— Task instructions —
The lines below, from the one holding "Pair of Twin Size Bed with Shared Side Table" through the one holding "看了场好球不亏！卢浮宫嫌疑犯去现场看球时被捕！", are to be restated word for word, with all images left out.

— Study material —
↓↓↓

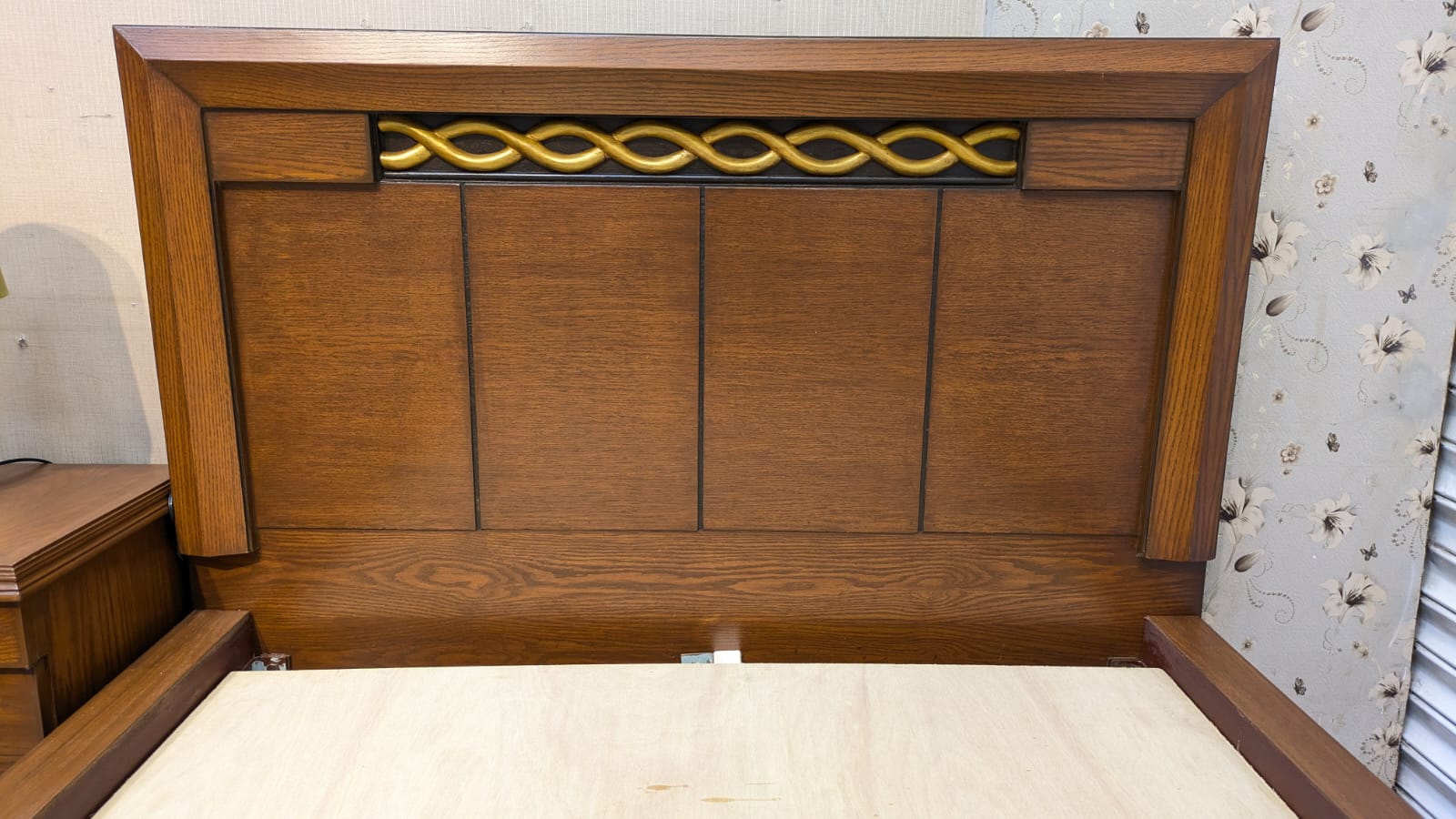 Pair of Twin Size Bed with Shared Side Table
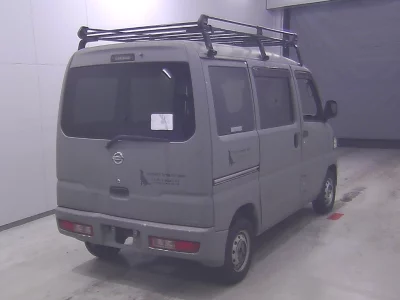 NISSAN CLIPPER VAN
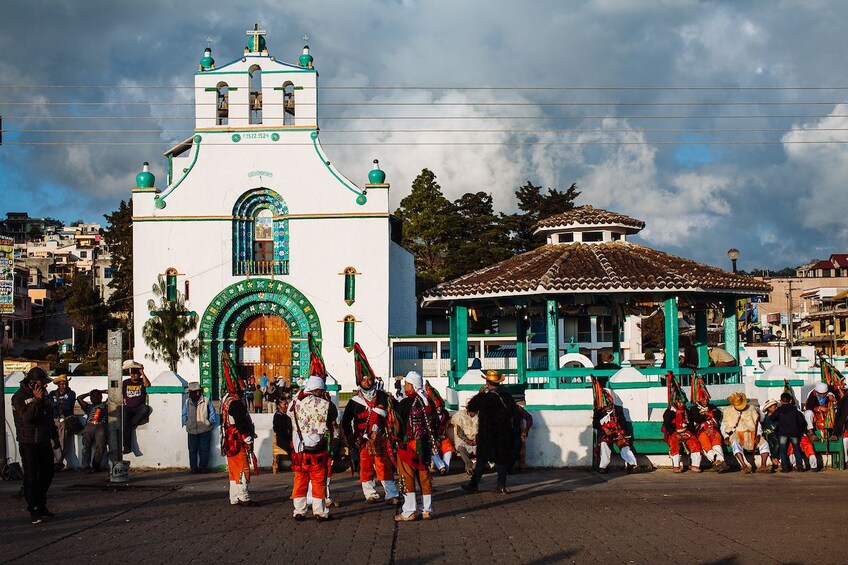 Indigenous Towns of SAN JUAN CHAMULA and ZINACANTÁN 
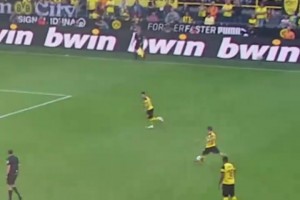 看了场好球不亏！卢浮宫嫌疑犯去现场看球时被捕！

↑↑↑
↓↓↓

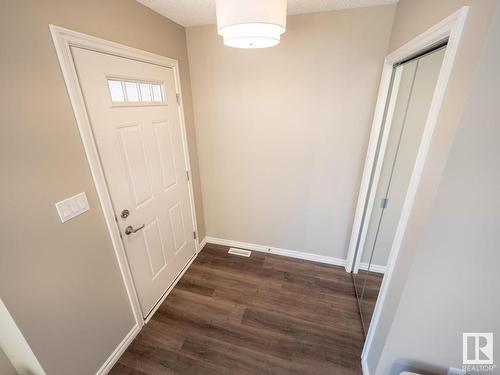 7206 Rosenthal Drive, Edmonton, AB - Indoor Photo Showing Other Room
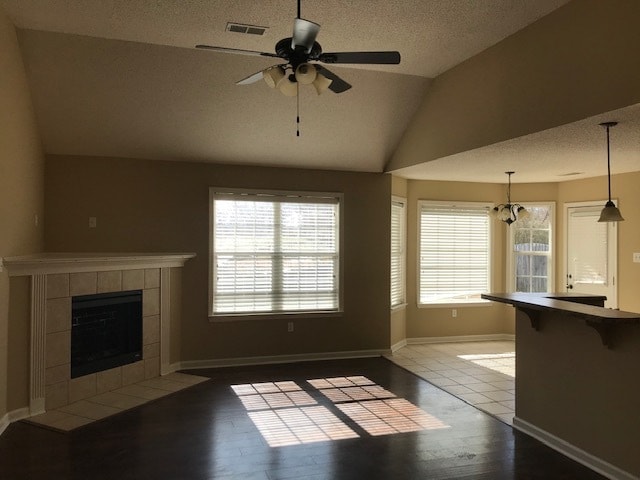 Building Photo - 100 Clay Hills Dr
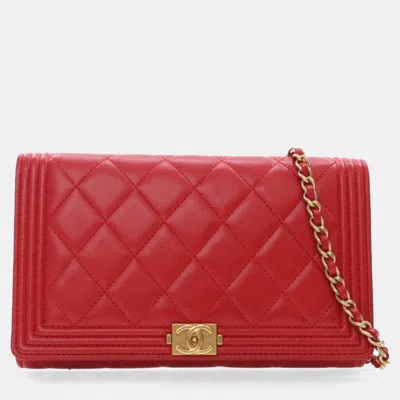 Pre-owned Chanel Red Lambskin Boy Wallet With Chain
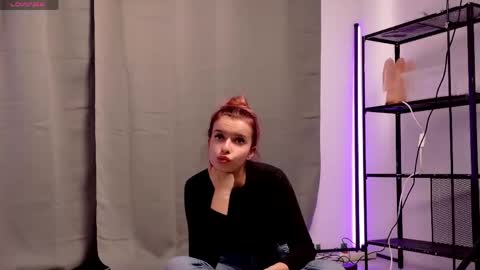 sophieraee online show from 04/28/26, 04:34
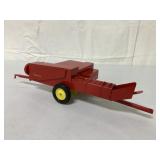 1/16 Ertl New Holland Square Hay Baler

↑↑↑

— Answer space —
 Pair of Twin Size Bed with Shared Side Table
 NISSAN CLIPPER VAN
 Indigenous Towns of SAN JUAN CHAMULA and ZINACANTÁN 
 看了场好球不亏！卢浮宫嫌疑犯去现场看球时被捕！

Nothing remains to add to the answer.